Captain’s log, stardate 8.23.2021.

It’s been over 7 weeks since my last post on this blog. Since then, a lot has changed. This is meant to be a short summary of what’s happened.

First and foremost, I made an important decision regarding the project. Up until about a week or two ago, I was still hoping to implement my own version of the network proposed by Sengupta, et. al. in the all-important paper that this madness is all based on. I realized my reasons for wanting to train my own version of it were no longer valid. When I began this project six months ago, I was still exceptionally brand-new to ML and PyTorch, and so implementing my own version of Sengupta’s architecture was primarily meant as a learning exercise. I dedicated a ton of time and effort to it, and learned a lot from doing it, but I now feel that I don’t have much more to gain from it. I was never able to get my version of their architecture to perform up-to-spec, anyways.

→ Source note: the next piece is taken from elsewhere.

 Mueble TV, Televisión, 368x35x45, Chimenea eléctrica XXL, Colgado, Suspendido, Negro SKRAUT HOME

Thus, from now on, the matting part of the project will be handled using pre-trained weights made available under the MIT license by Sengupta and his team at the University of Washington. Personally, I am glad that I’ve been able to swallow my pride and acknowledge that the best way forward for this project is to not try to do everything myself. Instead, I need to be focusing on only the parts of the project that haven’t already been cracked, and it turns out there’s still a lot of problems that need solving.

So, what am I actually working on these days? Well, to put it briefly: lining up images automatically. Turns out it’s a really hard problem in this particular context, and I’ve already implemented and tested several architectures and solutions to try to get it working. Most recently, I’ve been diving into deep homography estimation. We’ll see if that actually bears any fruit. This coming week, I plan to look into recurrent homography estimation, and then if that doesn’t work, probably recurrent TPS transform estimation. We’ll see.

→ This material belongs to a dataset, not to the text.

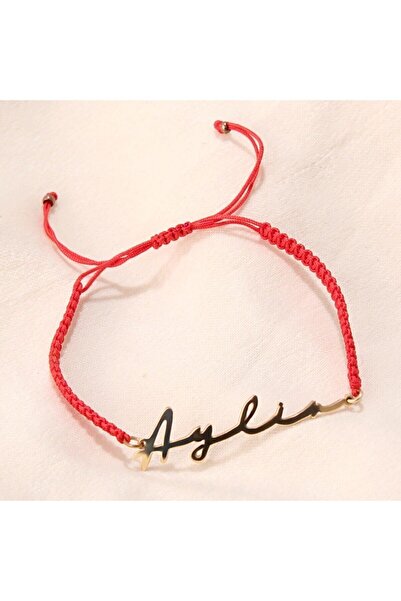 Agai Silver El Yazısı Isimli Altın Kaplama Gümüş Kırmızı Makrome Ip Bileklik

There’s a lot up in the air right now, but rest assured I am still consistently chipping away at this problem and having fun while doing it. I genuinely believe that I can get this system working, but it’s going to take some work.

Thanks for reading,

Kai.

Follow me on TikTok, Twitter, or YouTube

Howard, Reborn.

TL;DR: This week, I wrote the logic for processing real user-given input videos and completely rewrote the first half of the network, and have gotten some amazing results!

Hi, I’m Kai. If you’re new here, let me catch you up to speed:

  1. I’m building a neural network which removes the background from videos of people.

  2. It’s based off of this paper by Soumyadip Sengupta and his team at the University of Washington.

  3. The neural network is named Howard, but if you really like, you can call him Howie.

The way this network functions is simple – it takes two videos as input: one of a person in some environment, and one of just the environment. As long as the camera motion is similar in both shots, the network will output an image sequence where the person has been “cut out” from the environment. If you’ve ever used Zoom’s virtual background feature, it’s like that – but better.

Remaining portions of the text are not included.